There’s heaps of reasons to run whether it’s for fun, fitness or to socialise with your furry buddy– but what you may not know is the secret positive side effects of running working on your mind and body as you hit the pavement.

Mood and Mental Health

If you want to be bright and bubbly rather than have a face like grumpy cat, lace up.

High intensity exercise boosts cortisol (stress) levels but in the right amount cortisol is your BFF and has your back. It boosts your energy and stimulates your fight-or-flight response - just like giving your caveman ancestors the ‘super powers’ to wrestle a frisky woolly mammoth.

As you become fitter, your body will adapt to the stress of physical activity and your baseline cortisol levels may decrease. The benefits of this can transfer to everyday situations so you’ll freak out a little less if your furry buddy takes a bite out of your spiffy running shoes.

Exercise also compensates for cortisol levels by releasing endorphins, ‘feel good’ hormones that’ll get your booty shakin’ like Pharrell Williams and increase your sense of well-being – that’s where the euphoria of a ‘runner’s high’ comes in, when the intensity of your run is ‘just right’.  

For even more benefits, trade in the hustle and bustle of the urban jungle for a daily dose of eco-therapy by exercising in a natural environment. It’s proven to provide stress relief, elevate mood, increase creativity and concentration.

Improved Immune System

Regular light to moderate running can have an anti-inflammatory response and overtime, increase the efficiency and quantity of your super-ninja-warrior white blood cells to fight off bacteria and nasties that want to have a party in your body.

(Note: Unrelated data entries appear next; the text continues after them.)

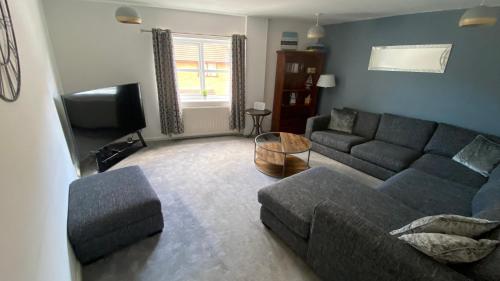 a living room with a couch and a tv at Southcliff Retreat in Scarborough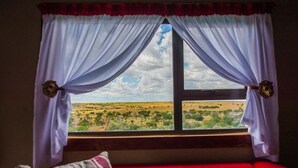 A room with a window overlooking a savannah landscape.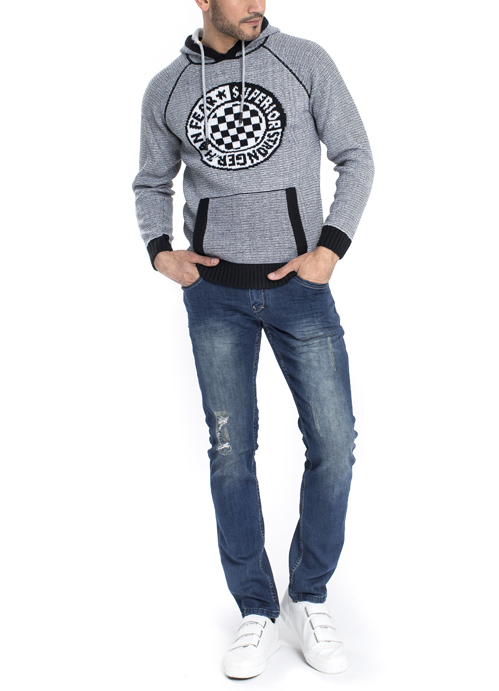 Model wearing grey design hoodie with blue jeans.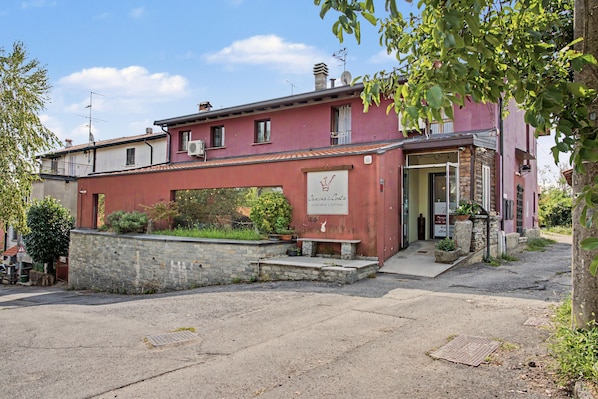 A building with a red facade, a stone wall in front, and a sign indicating a restaurant.
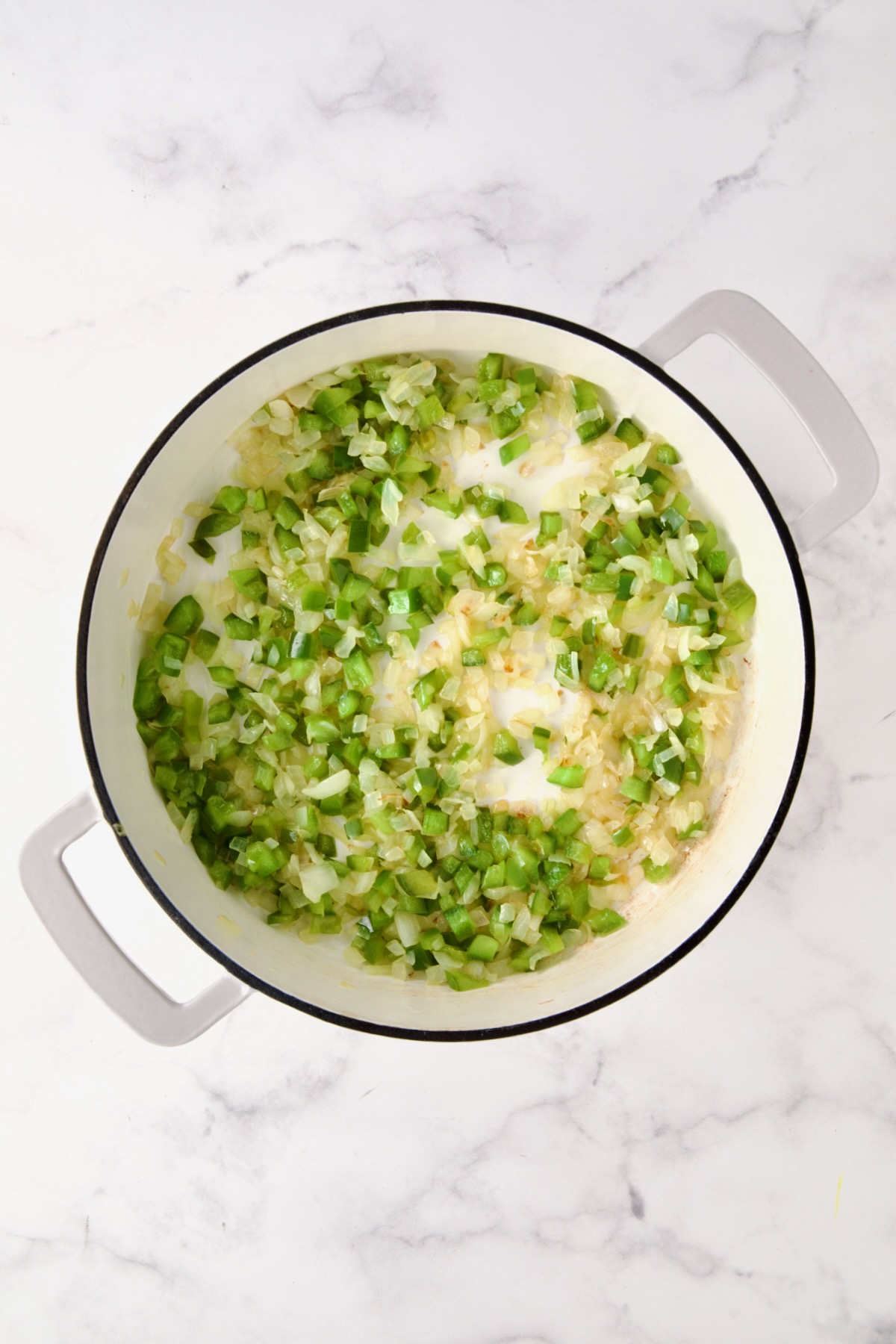 Cooked onions and green bell pepper in white enamel cast iron skillet.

Cardio activities like running boosts the rate that blood is pumped throughout your body, allowing your disease-fighting white blood cells to hitchhike a ride and work their magic to detect and ward off illness.

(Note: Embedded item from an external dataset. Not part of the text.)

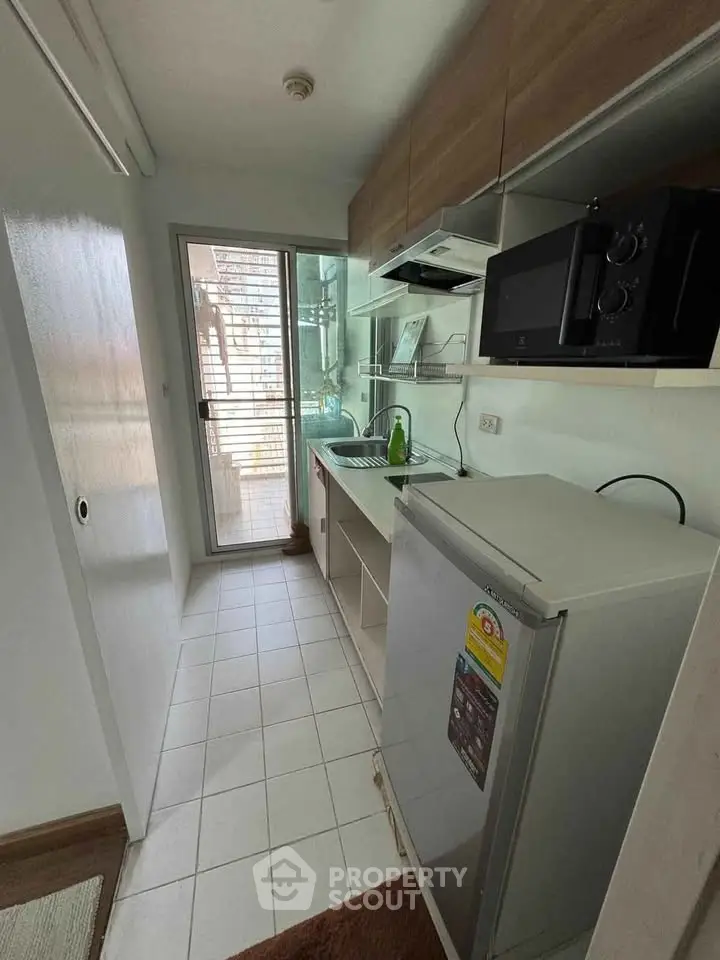 Compact kitchen with modern appliances and access to balcony, ideal for urban living.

Exercising also increases your body temperature, a factor that can prevent the growth of harmful bacteria and viruses taking hold.

Even 20 - 30 minutes of brisk walking a day, a few gym or cycling sessions a week or switching up the elevator for the stairs is beneficial. But if you feel flat like a pancake after exercise, you may be overtraining to the detriment of your immune system.

Quality Shut-Eye

If you want to snooze like a snorlax running may be your golden ticket to catching quality Zzz. But one super sweat session isn’t a magic fix to insomnia woes – studies have shown you may only reap the benefits after a minimum of 8 weeks of consistent exercise.

Timing is critical - squeeze in your workout no later than the early evening (or no less than 3 hours prior to bedtime) to prevent tossing and turning, as physical activity naturally elevates cortisol levels (the ‘stress’ hormone) temporarily, as well as body temperature.

The lowering of body temperature in the hours leading up to head-on-pillow action can act as a natural cue for your body to wind down and achieve quality shut-eye. But if you’re a night owl and it works for you, no probs!

Don’t be afraid to skip the treadmill for a session under the sun – running outdoors can keep your circadian rhythm or ‘body clock’ in sync with the natural day-night cycle, not only improving your sleep quality but boosting your vitamin D.

Cognitive Function

Running isn’t just a workout for your body, it’s a workout for your brain. It gives your brain a jolt of chemicals and in particular, boosts BDNF (brain-derived neurotrophic factor), a protein responsible for stimulating the growth and production of brain and nerve cells (neurogenesis) as well as increasing their overall health and survival.

But what does that mean for your brain - the organ that makes you, you?

Running and even moderate intensity exercises such as brisk walking may slow the aging of the brain, helping memories stick like gelato and improve your problem-solving and multi-tasking skills.

If you want to remember where you left your keys, play sudoku like a pro and ward off cognitive disorders such as Alzheimer’s disease, the first step could be… well… literally taking a step.

A one-off feat of super-human running isn’t going to turn you into the next Einstein (although you could totally rock his hairdo). The key is regular exercise – but trust us, with perseverance you can turn it into your healthy habit. In fact, it’ll feel weird not to run.